(Records drawn from a dataset)
###

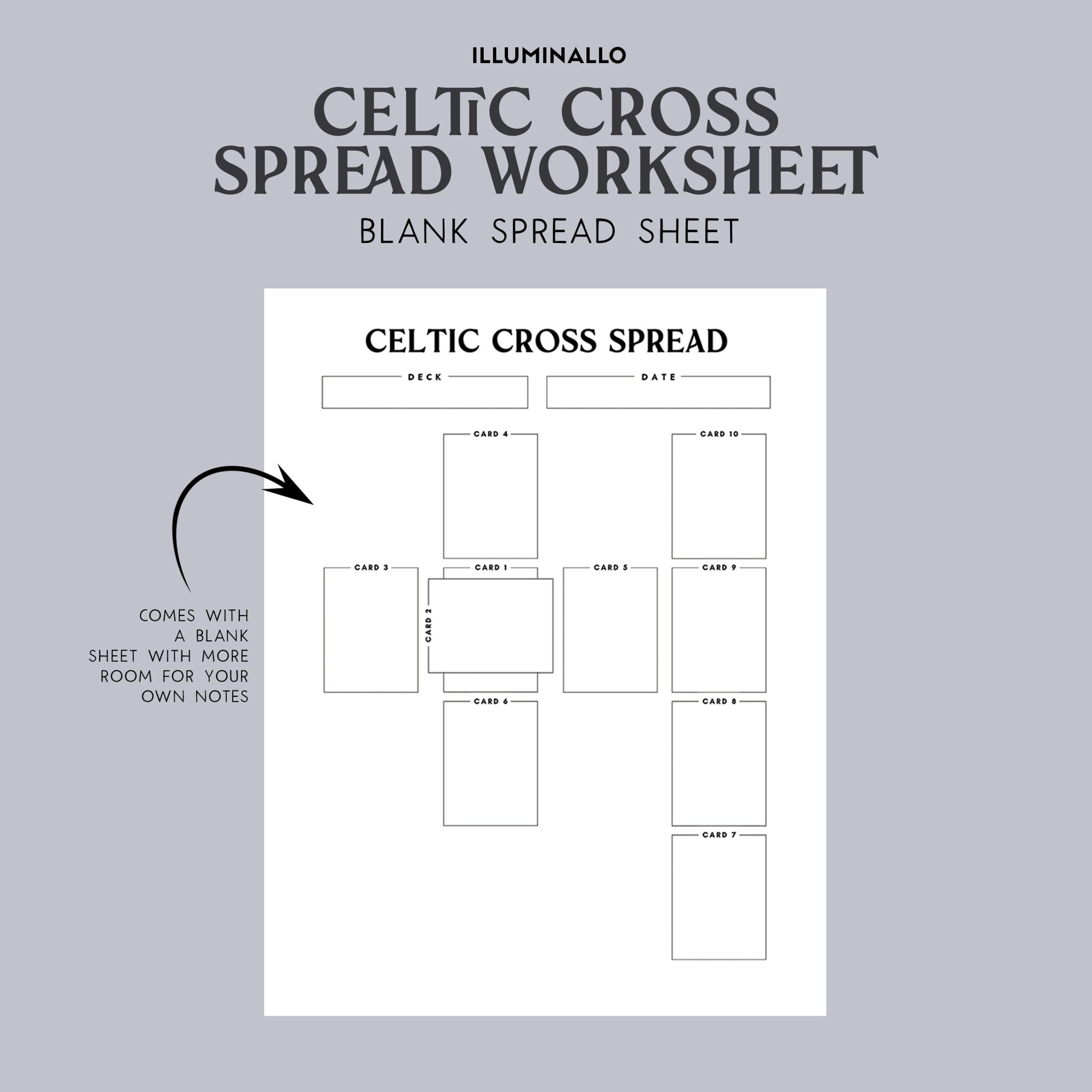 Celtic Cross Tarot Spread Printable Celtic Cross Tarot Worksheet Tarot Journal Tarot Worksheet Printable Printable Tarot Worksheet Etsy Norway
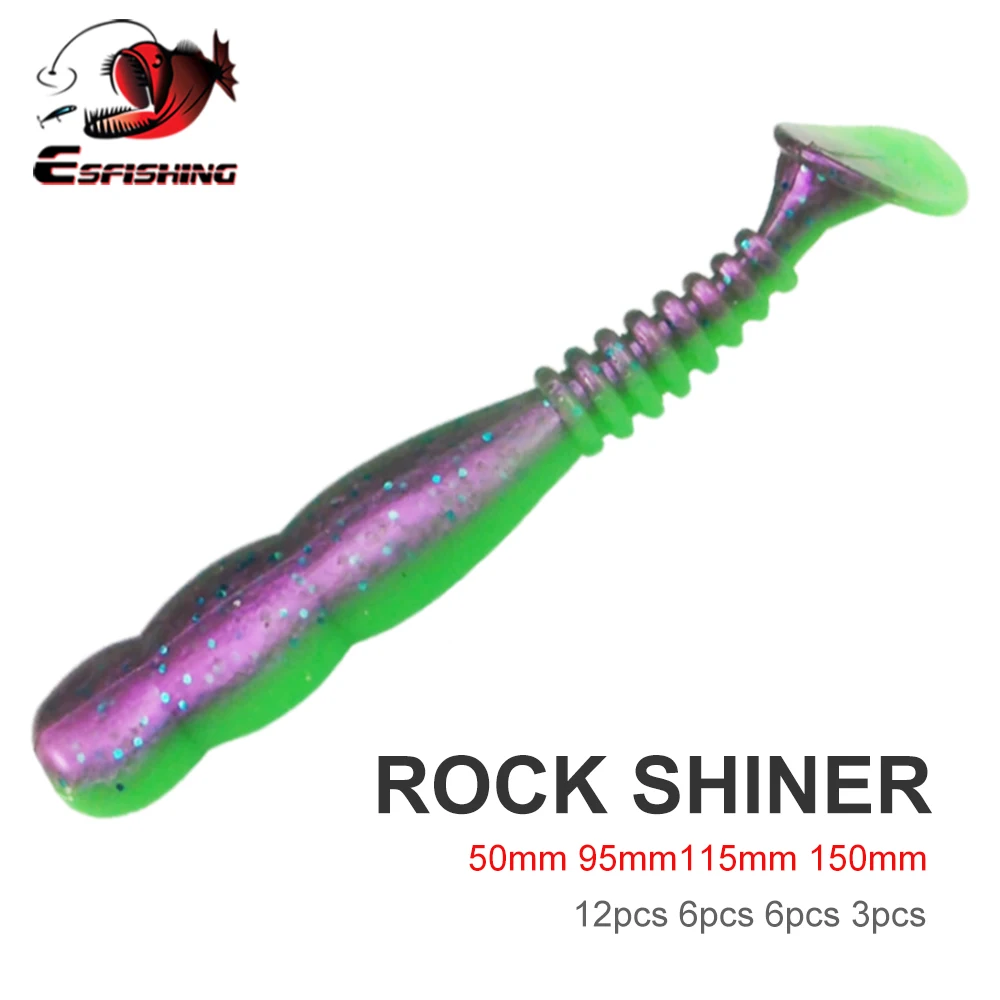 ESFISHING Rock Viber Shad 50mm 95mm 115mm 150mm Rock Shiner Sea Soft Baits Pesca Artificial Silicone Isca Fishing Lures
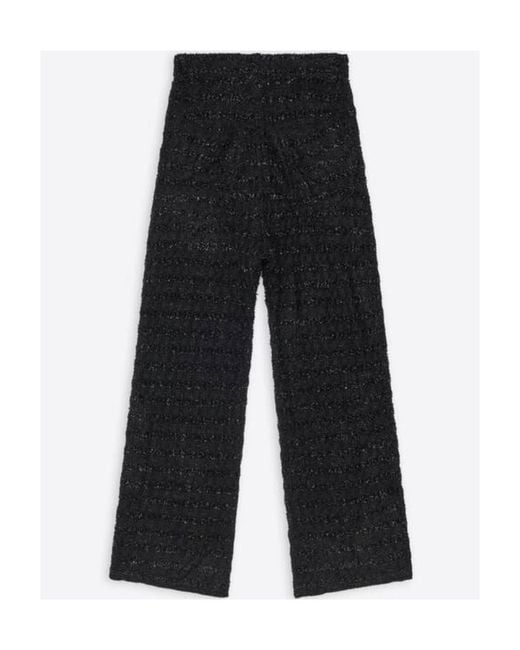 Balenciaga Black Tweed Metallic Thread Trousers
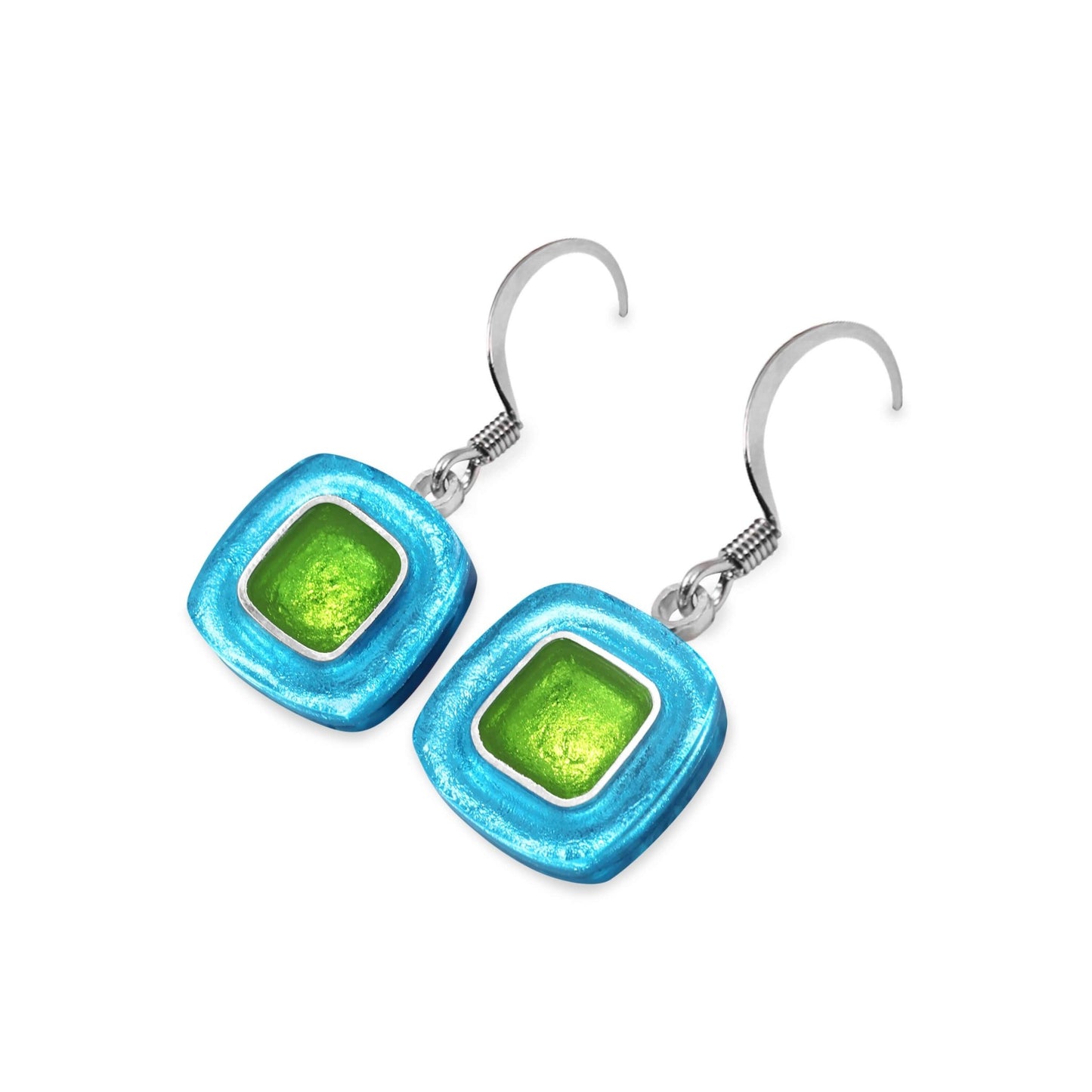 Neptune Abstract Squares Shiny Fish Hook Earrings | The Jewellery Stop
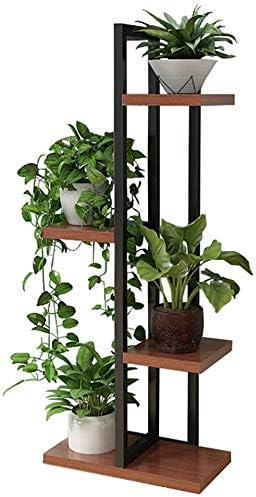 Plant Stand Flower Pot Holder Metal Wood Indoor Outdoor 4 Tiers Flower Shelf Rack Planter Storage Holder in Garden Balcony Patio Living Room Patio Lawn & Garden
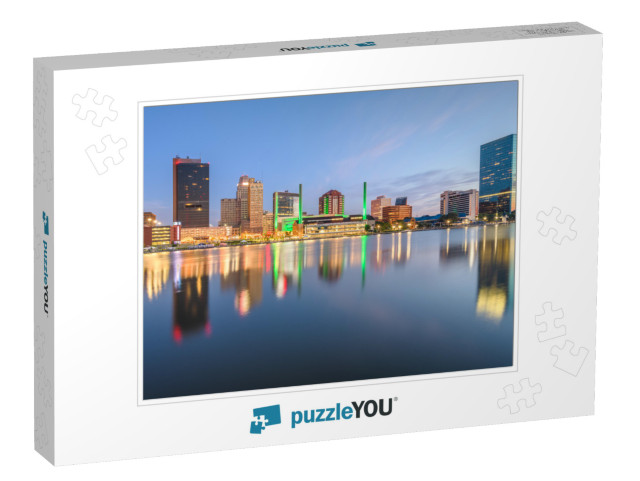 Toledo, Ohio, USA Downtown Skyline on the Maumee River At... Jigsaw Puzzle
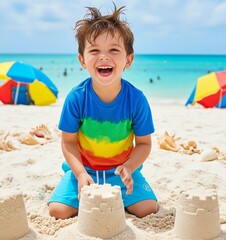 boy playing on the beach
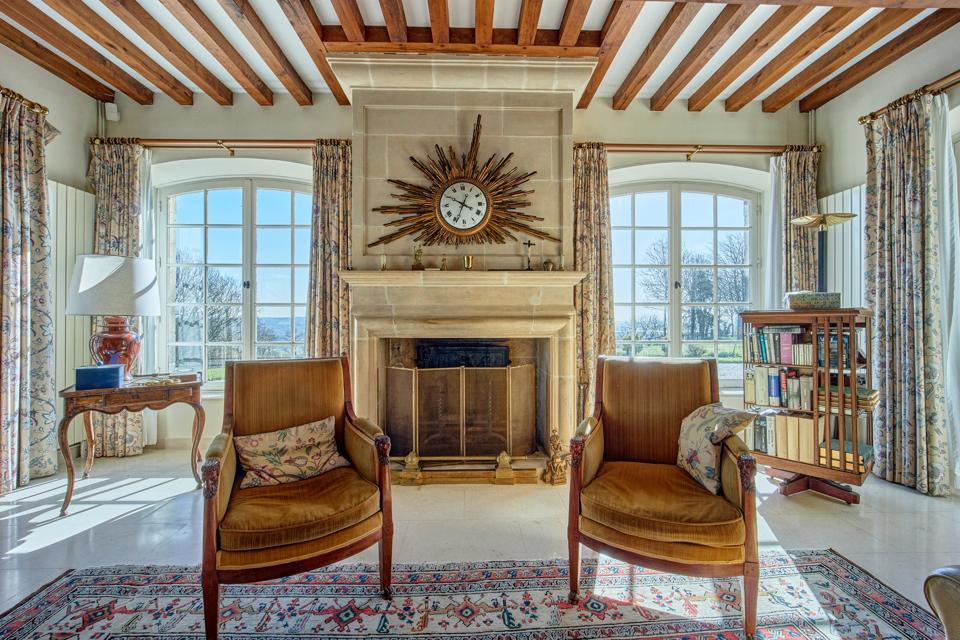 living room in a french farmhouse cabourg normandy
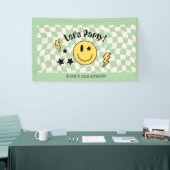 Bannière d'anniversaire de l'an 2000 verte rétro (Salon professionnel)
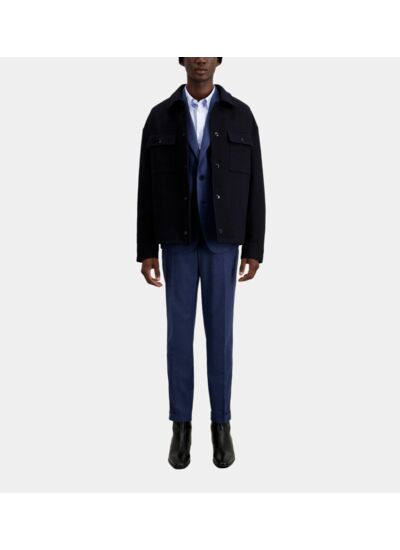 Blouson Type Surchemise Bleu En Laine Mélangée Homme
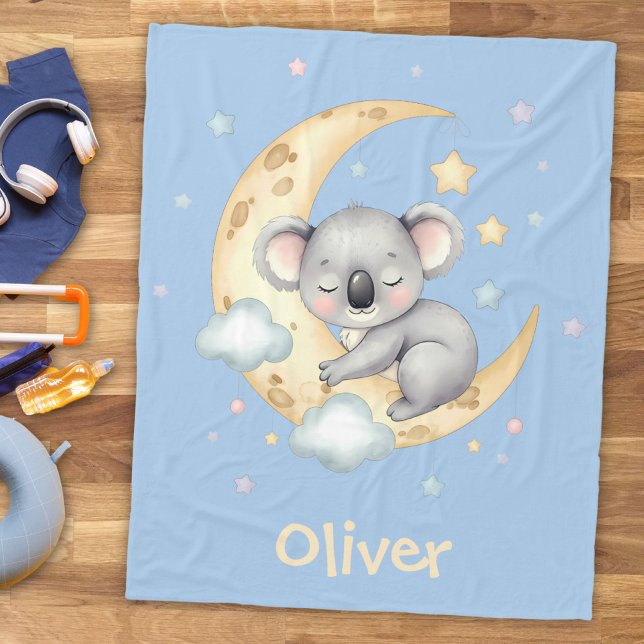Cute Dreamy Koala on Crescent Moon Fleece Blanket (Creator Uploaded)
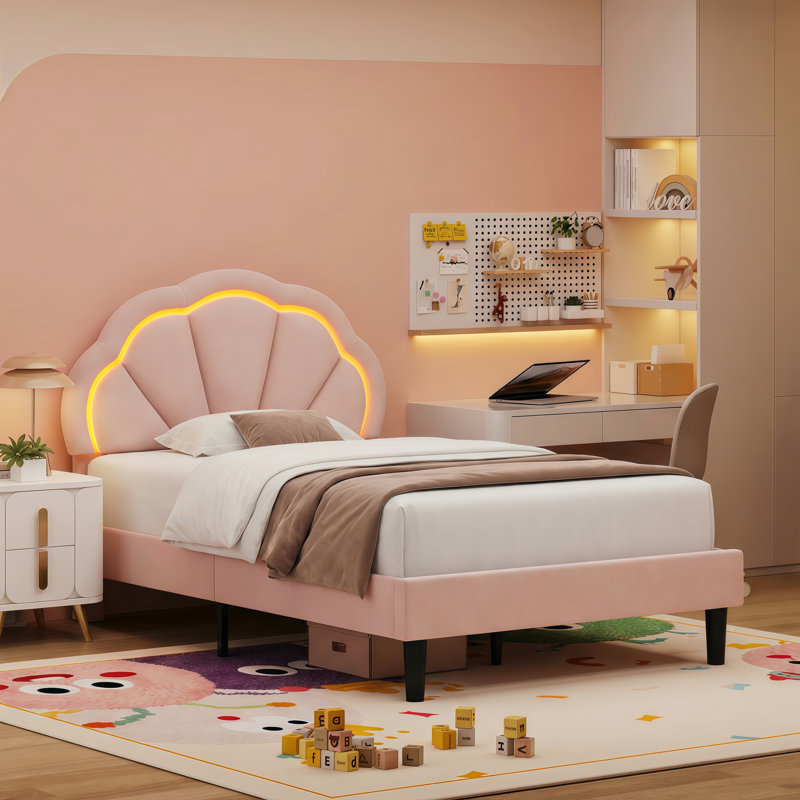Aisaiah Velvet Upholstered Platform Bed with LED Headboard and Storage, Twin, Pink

###

▸ **TASK ITEM**: Which lines run from the one containing "boy playing on the beach" to the end of the entries above? Write them out exactly, leaving out every picture.

▸ **SOLVED PROBLEM**:
 boy playing on the beach
 living room in a french farmhouse cabourg normandy
 Bannière d'anniversaire de l'an 2000 verte rétro (Salon professionnel)
 Blouson Type Surchemise Bleu En Laine Mélangée Homme
Cute Dreamy Koala on Crescent Moon Fleece Blanket (Creator Uploaded)
Aisaiah Velvet Upholstered Platform Bed with LED Headboard and Storage, Twin, Pink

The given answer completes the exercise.